§ **EXERCISE**: Set down the data again exactly. Pictures are not part of the copy.
[Opening PROVIDED MATERIAL section]
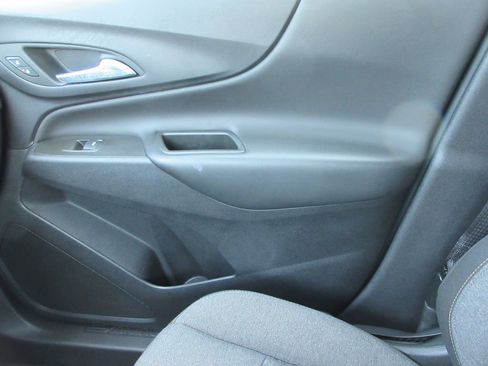 Used 2024 Chevrolet Equinox LT AWD/4WD image 32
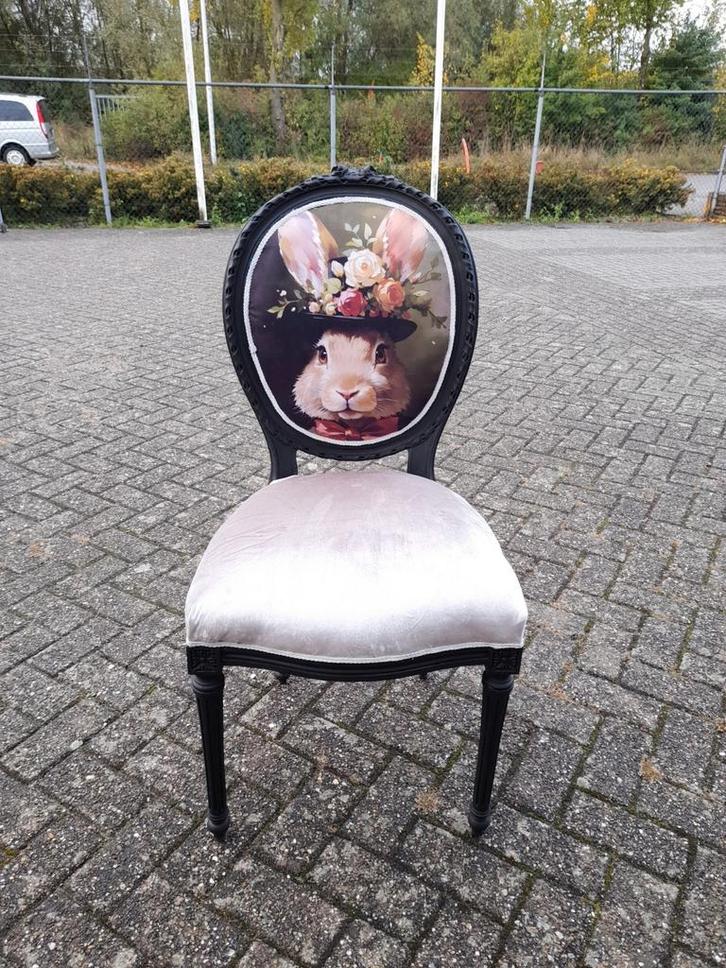 Leuke medaillon stoel opnieuw gestoffeerd konijn, Antiek en Kunst, Antiek | Meubels | Stoelen en Banken, Ophalen of Verzenden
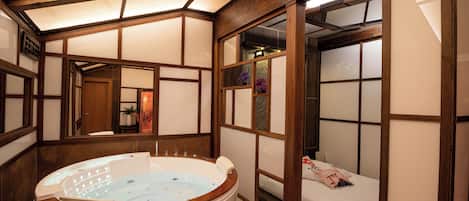 Japanese-style Studio Suite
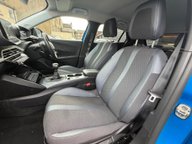 Peugeot 2008 PURETECH S/S ALLURE PREMIUM 11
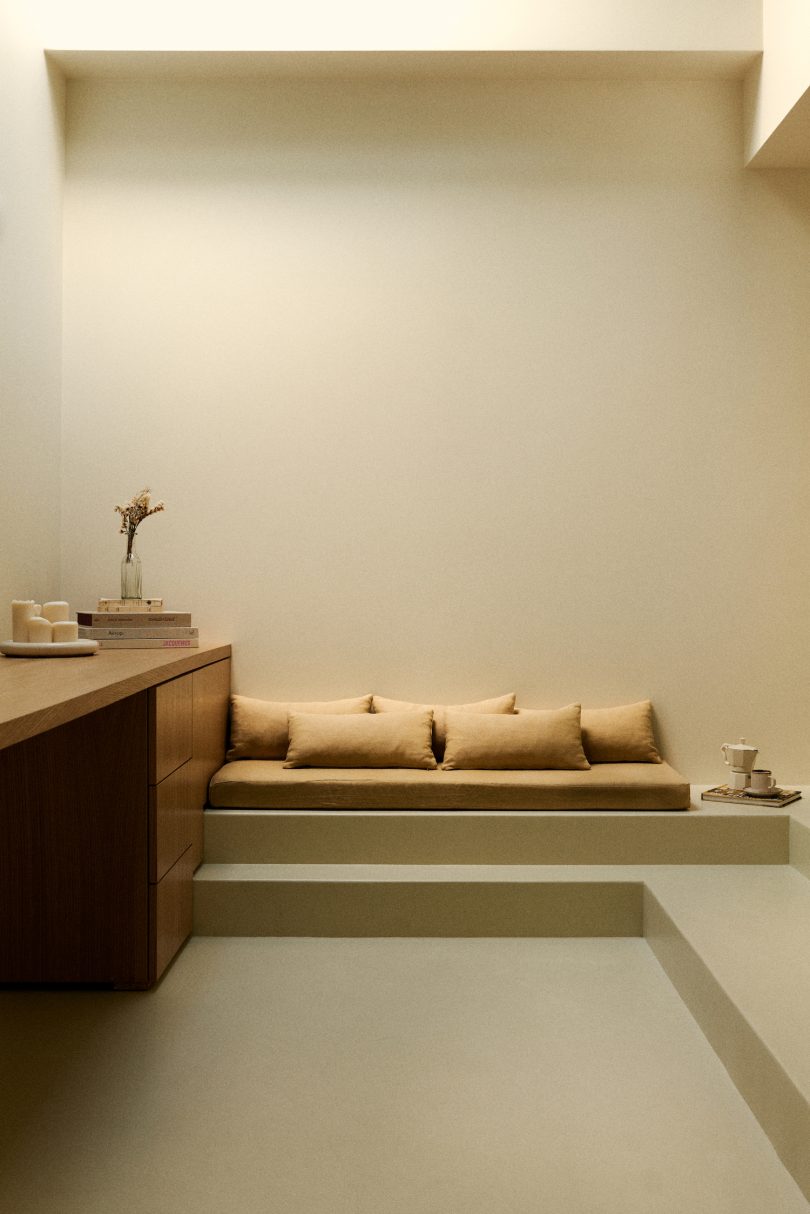 Atelier Opale 设计的极简主义住宅 Messine Apartment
[Closing PROVIDED MATERIAL section]
§ **WORKED SOLUTION**:
 Used 2024 Chevrolet Equinox LT AWD/4WD image 32
 Leuke medaillon stoel opnieuw gestoffeerd konijn, Antiek en Kunst, Antiek | Meubels | Stoelen en Banken, Ophalen of Verzenden
 Japanese-style Studio Suite
 Peugeot 2008 PURETECH S/S ALLURE PREMIUM 11
 Atelier Opale 设计的极简主义住宅 Messine Apartment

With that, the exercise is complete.